Exercise data:
────────

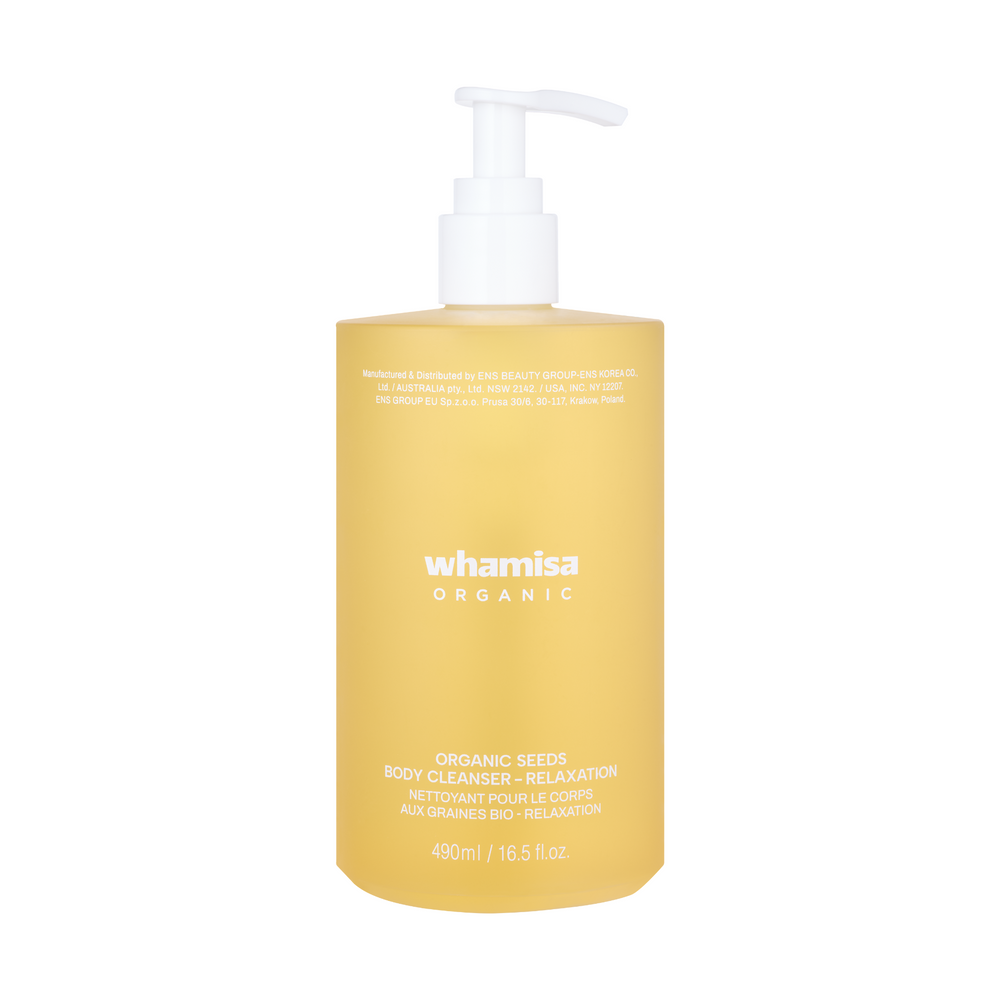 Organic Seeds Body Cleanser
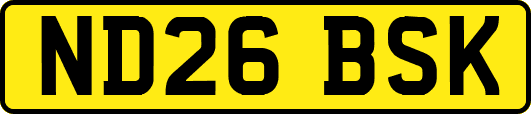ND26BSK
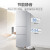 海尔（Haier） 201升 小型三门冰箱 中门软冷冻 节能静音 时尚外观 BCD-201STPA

────────

Exercise requirements:
Nothing but an exact copy of the data above, minus its pictures, should appear in the response.

Answer section:
 Organic Seeds Body Cleanser
ND26BSK
 海尔（Haier） 201升 小型三门冰箱 中门软冷冻 节能静音 时尚外观 BCD-201STPA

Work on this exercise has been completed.